Varying Student Behaviours Observed in the Library Prompt the Need for Further Research
Keywords:study behaviours, non-study behaviors, library
AbstractObjective – To determine if the behaviours of students studying in the library are primarily study or non-study related, the extent to which these behaviours occur simultaneously, what types of study and non-study behaviours are most common, and if the time of day or use of social media have an effect on those behaviours.
Design – Observational study.
Setting – Two university libraries in New York.
Subjects – A total of 730 university students.
Methods – Two librarians at 2 separate university libraries observed and recorded the behaviours of 730 students. Observations were conducted over the course of several weeks during the Fall of 2011 in the designated study or quiet areas, reference room, and at computer terminals of the libraries. Observations were made by walking past the students or by observing them from a corner of the room for between 3 to 10 seconds per student. Student activities were recorded using a coding chart. The librarians also collected data on the perceived age, gender, and ethnicity of the students and whether the students were using a computer at the time of observation. If students displayed more than one behaviour during a single observation, such as talking on the phone while searching the library’s online catalogue, the first behaviour observed or the behaviour that was perceived by the observer to be the dominant behaviour was coded behaviour 1.The second behaviour was coded behaviour 2.
Main Results – The behaviours of 730 students were observed and recorded. Two librarians at separate universities were responsible for data collection. Kappa statistical analysis was performed and inter-rater reliability was determined to be in agreement. Data was analyzed quantitatively using SPSS software.
Over 90% of students observed were perceived to be under 25 years of age and 56% were women. The majority were perceived to be white (62%).
Of the 730 observations, 59% (430) were study related and 37% (300) were non-study related. The most common study related behaviours included reading school-related print materials (18.8%) and typing/working on a document (12.3%). The most common non-study related behaviours included Facebook/social media (11.4%) and website/games (9.3%). The least common study related behaviour was using the school website (1.2%) and the least common non-study related behaviour was “other on the phone” (0.1%).
Second behaviours were observed in 95 of the 730 students observed. Listening to music was the most common second behaviour (35.8%) and educational website was the least common (1.1%).
Most study observations were made on Mondays and most non-study observations were made on Thursdays and Fridays. Throughout the entire day, study related behaviours were observed between 62-67% of the time regardless of the time of day. Students working on computers were more likely to be observed in engaging in non-study related behaviour (73%) than those not working on a computer (44%).

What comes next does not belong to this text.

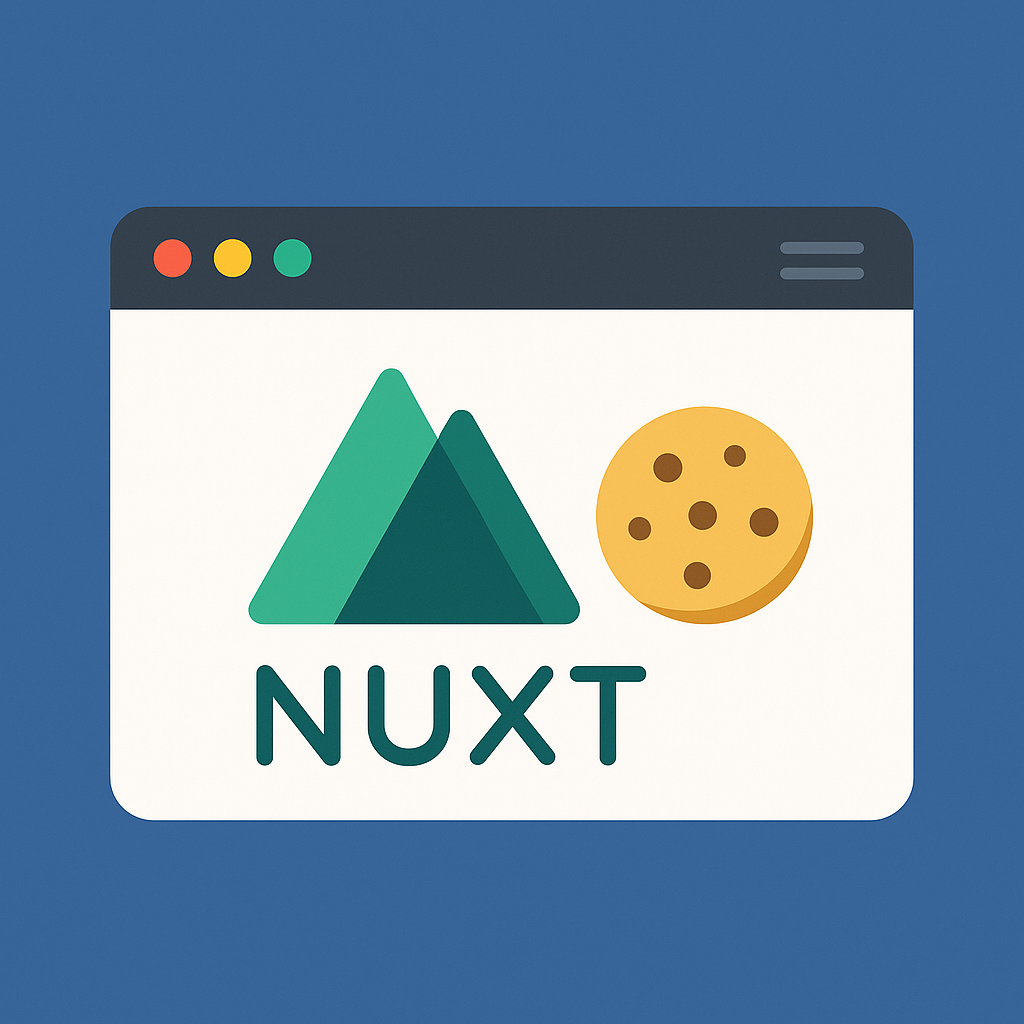 Nuxt 3 using HTTP-only cookie sessions compatible with SSR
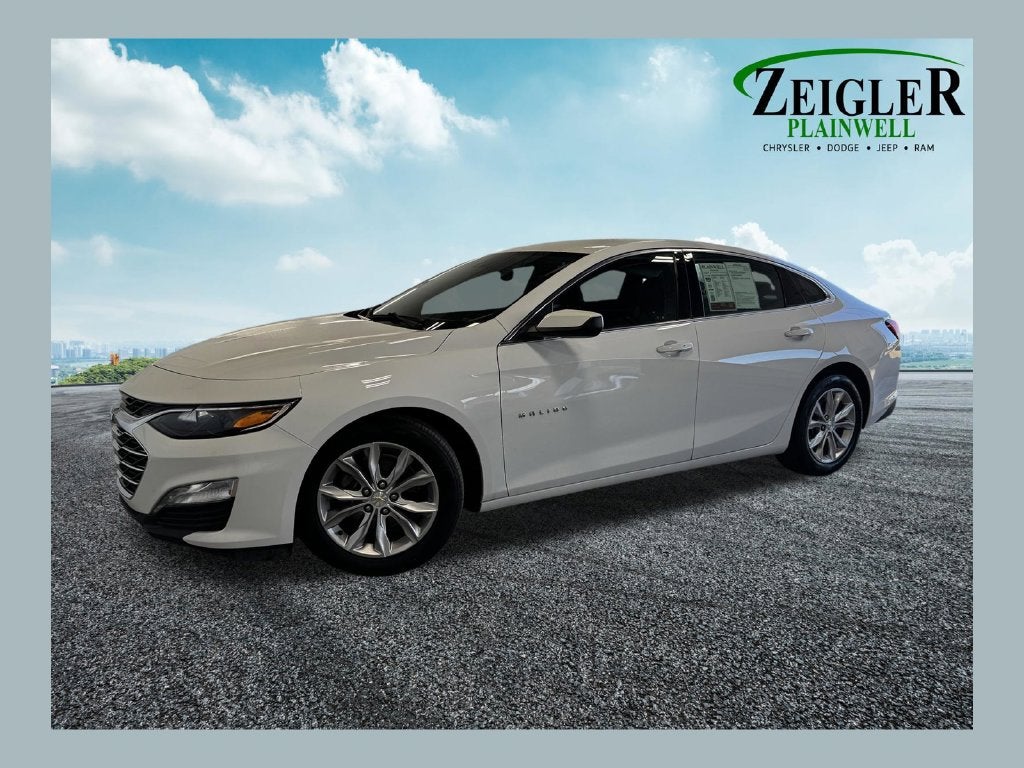 2023 Chevrolet Malibu LT 1LT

Conclusion – Students display a variety of study and non-study behaviours throughout the day with the majority of the behaviours being study related. Students also blend study and non-study activities together, as evident in their switching between study and non-study related behaviours in a single observation and their ability to multitask. Data gathered from this study provides evidence that students view the library as not only a place for study but also a place for socialization.
Several limitations of this study are acknowledged by the authors. First, behaviours that appear to be non-study related, such as watching videos on YouTube, could be study related. Many faculty members utilize social media tools such as Facebook, Twitter, and YouTube to support their course content. A student observed watching YouTube videos could be watching a professor’s lecture, not a video for entertainment purposes only. This lack of knowing definitively why students are utilizing social media while in the library may have led the authors to mistake non-study behaviour for study behaviour.
An additional limitation is the short duration of time spent observing the students as well as the proximity of the observer to the student. Observations lasting longer than 3 to 10 seconds and made at a closer range to the students could provide more accurate data regarding what type of behaviours students engage in and for how much time. In addition to the before mentioned limitations, the authors acknowledge that they had no way of knowing if the individuals being observed were actual students: the assumed students could have been faculty, staff, or visitors to the university.
Due to the study’s limitations, further research is needed to determine in greater detail what students are doing while they are studying in the library. This data would allow librarians to justify the need to provide both study and non-study space to meet the diverse needs of students. Conducting a cohort study would allow researchers to observe student behaviour longitudinally. It would minimize the limitations of short-term student observation as well as the proximity of the observer to the student. Research on the use of mobile technologies by students, such as smart phones, to access study related material while they are in the library would also yield valuable data regarding student study behaviours.